Octubre

Como todas las mañanas, al llegar al estudio, pregunto por teléfono:

—¿Hace el favor de decirme cómo está la señorita Lupe?

—Un poco mejor –contesta la voz de la doncella–. Dice que a qué hora vendrá usted esta tarde.

—A las seis… Muchos recuerdos.

Cuelgo el auricular. Hace ya un mes que se fue Leonarda y ni ocho días ha tenido Lupe de salud. Vuelvo a marcar.

—¿Señorita Alonso?

—Aquí es, diga…

—Necesito saber si podrá recibirme esta tarde.

—Espere un momento…

Oigo los pasos de la muchacha que se alejan… Luego otros más enérgicos y la voz un poco ronca de mi amiga la abogada.

—¿Quién es?

—María Luisa Arroyo.

—¡Ah, eres tú! ¿Te pasa algo?

—Sí… tengo que hablarte de un asunto profesional… ¿A qué hora te conviene?

—Ven a las cinco.

—Hasta la tarde entonces.

—Hasta la tarde.

Golpea la lluvia los cristales del estudio en furioso chaparrón otoñal, y miro a la calle.
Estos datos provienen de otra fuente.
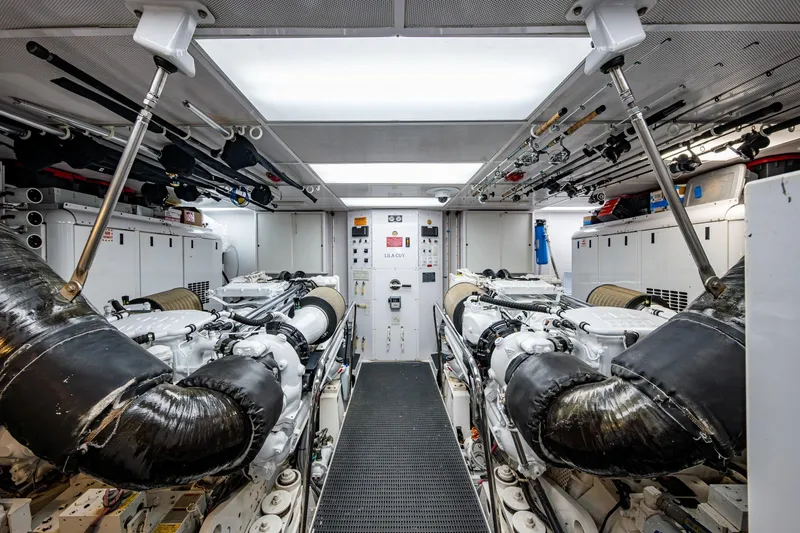 Lila Cuy Yacht Photos Pics Engine room of 2006 Westport 112 yacht, featuring dual engines and organized equipment storage.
Aún están los árboles cubiertos de hojas, pero las aceras brillantes de lluvia y las gentes que pasan deprisa bajo sus paraguas, dan a la ciudad la apariencia de un día de invierno, como anticipo triste de la próxima estación… Me estremezco en el estudio, aún sin calefacción ni alfombras, y también mi sangre y mis huesos sienten la proximidad de días lúgubres y largas noches heladas…
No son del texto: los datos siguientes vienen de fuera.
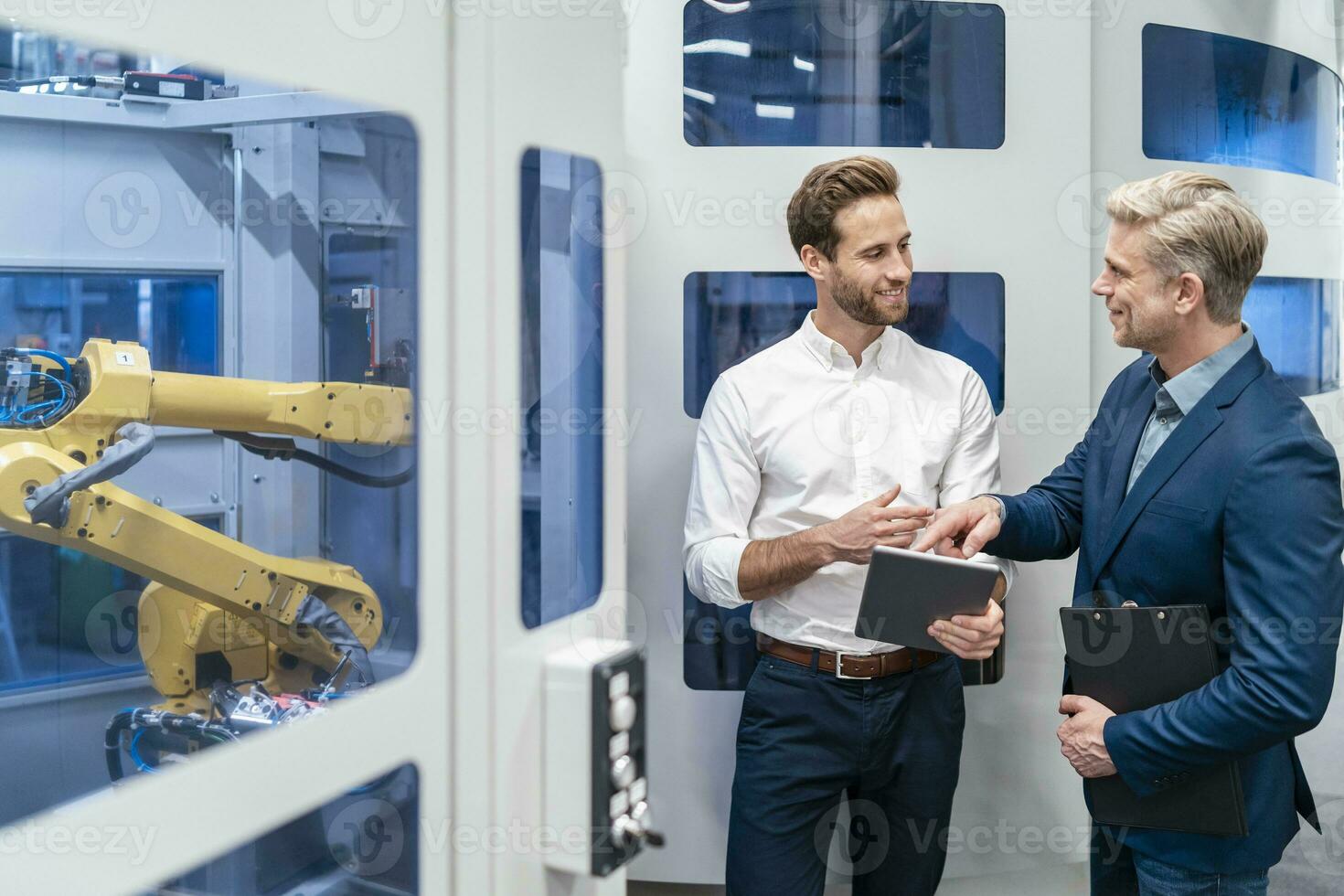 Two businessmen talking at robot in a modern factory photo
Por la tarde, mientras me visto para salir el traje de lana que acaba de mandar el sastre, el pálido sol de lluvia arranca chispas de luz de los frascos del tocador… ¡Qué delgada estoy! Hasta ahora he sonreído a la imagen ambigua que el espejo me devolvía… un algo de chico, otro algo de mujer… creo que dentro de poco pareceré un hombre definitivamente, un hombre flaco y feo…
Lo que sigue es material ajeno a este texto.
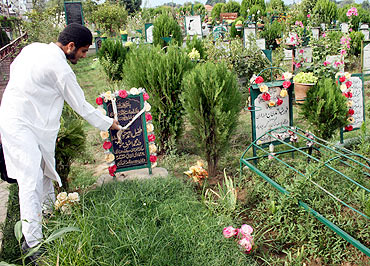 A youngster pays respect at Tufail's grave in the martyrs' graveyard, downtown Srinagar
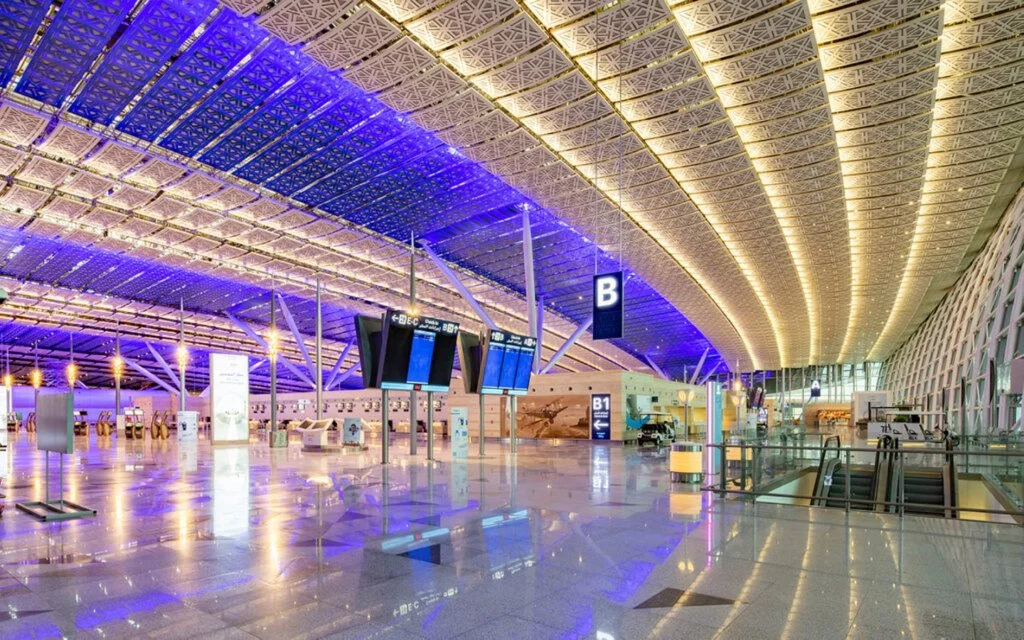 Empty airport terminal with colorful lighting, digital flight information displays, check-in counters, and escalators. مطار الملك عبد العزيز الدولي في جدة. Jeddah International Airport.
Rosarito me recibe en el despacho, con aire de estar en funciones de su carrera.

—Cuenta…

—Poca cosa… Quiero divorciarme…

—¿Tienes motivos justificados… o justificables…?

—No…

—¿Entonces?

—Verás… Tal vez conviniera que habláramos largamente… que me confesara un poco contigo de mis propias culpas y de mis propias desgracias…

—No hace falta… ya sé.

Miro a Rosarito, y veo en sus ojos que lo sabe todo… Me alarmo.

—Es que yo no creo haber hecho ostentación, ni dado motivos…

—Siempre creéis eso… En primer lugar, tu aspecto… Además, te conozco hace cinco años, conozco a tus amigas… Me he cruzado con tu coche más de una vez en la cuesta de las Perdices… aunque tú, muy entusiasmada con la compañía, no me hayas visto… y hace poco encontré a tu marido en un café con una señorita… Y como una es abogado y tiene que pasarse la vida atando cabos… Voilá.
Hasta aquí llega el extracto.